**Input data**

-=-=-

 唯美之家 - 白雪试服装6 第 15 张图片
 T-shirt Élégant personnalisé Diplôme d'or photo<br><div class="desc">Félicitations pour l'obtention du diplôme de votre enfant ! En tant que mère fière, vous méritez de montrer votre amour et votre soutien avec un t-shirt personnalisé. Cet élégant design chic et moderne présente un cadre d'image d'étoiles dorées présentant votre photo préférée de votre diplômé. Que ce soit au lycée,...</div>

-=-=-

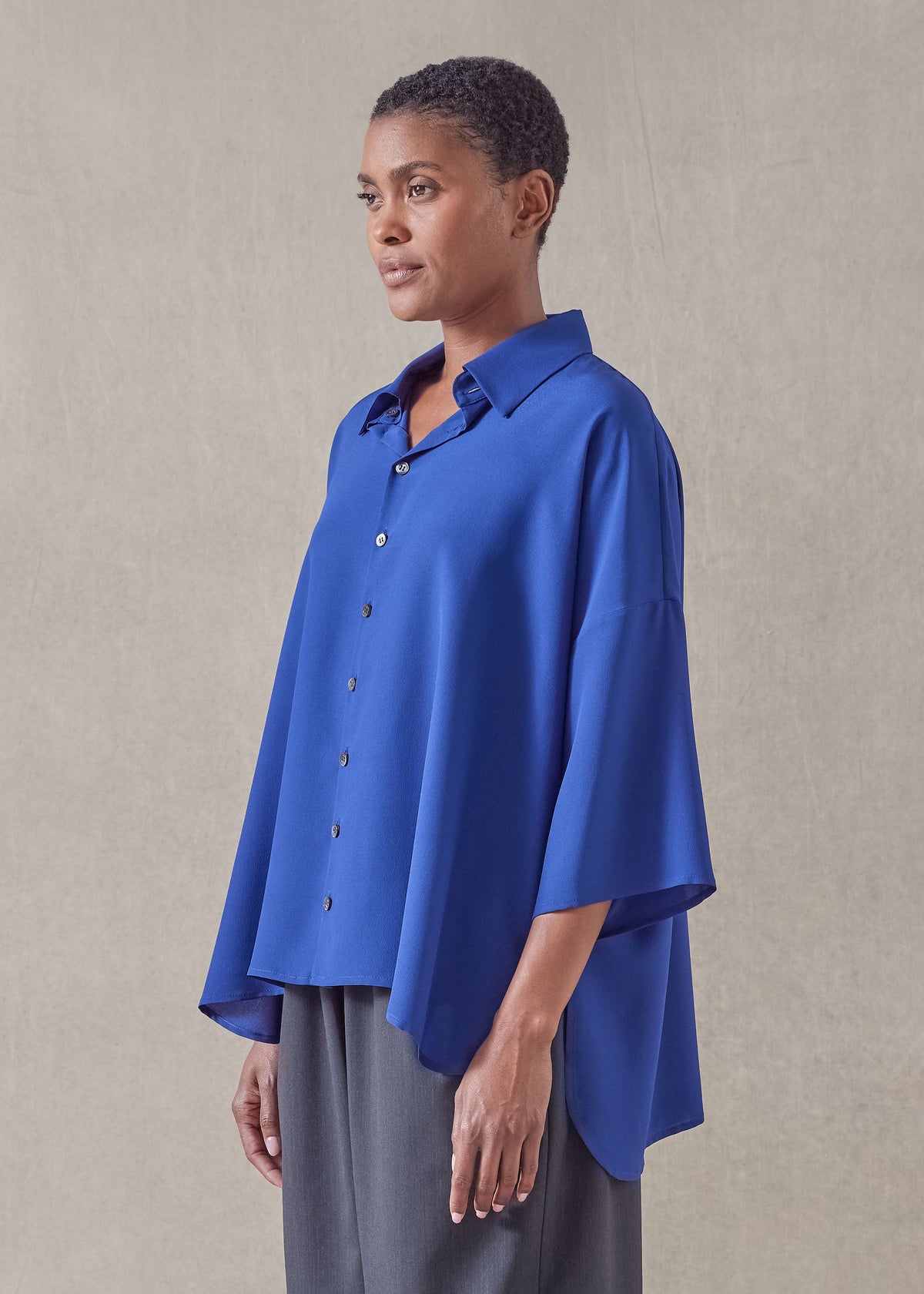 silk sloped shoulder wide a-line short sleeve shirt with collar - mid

-=-=-

Look back at the data above. Transcribe exactly the lines starting at the line that contains "唯美之家 - 白雪试服装6 第 15 张图片" and ending at the line that contains "T-shirt Élégant personnalisé".

**Exercise result**
 唯美之家 - 白雪试服装6 第 15 张图片
 T-shirt Élégant personnalisé Diplôme d'or photo<br><div class="desc">Félicitations pour l'obtention du diplôme de votre enfant ! En tant que mère fière, vous méritez de montrer votre amour et votre soutien avec un t-shirt personnalisé. Cet élégant design chic et moderne présente un cadre d'image d'étoiles dorées présentant votre photo préférée de votre diplômé. Que ce soit au lycée,...</div>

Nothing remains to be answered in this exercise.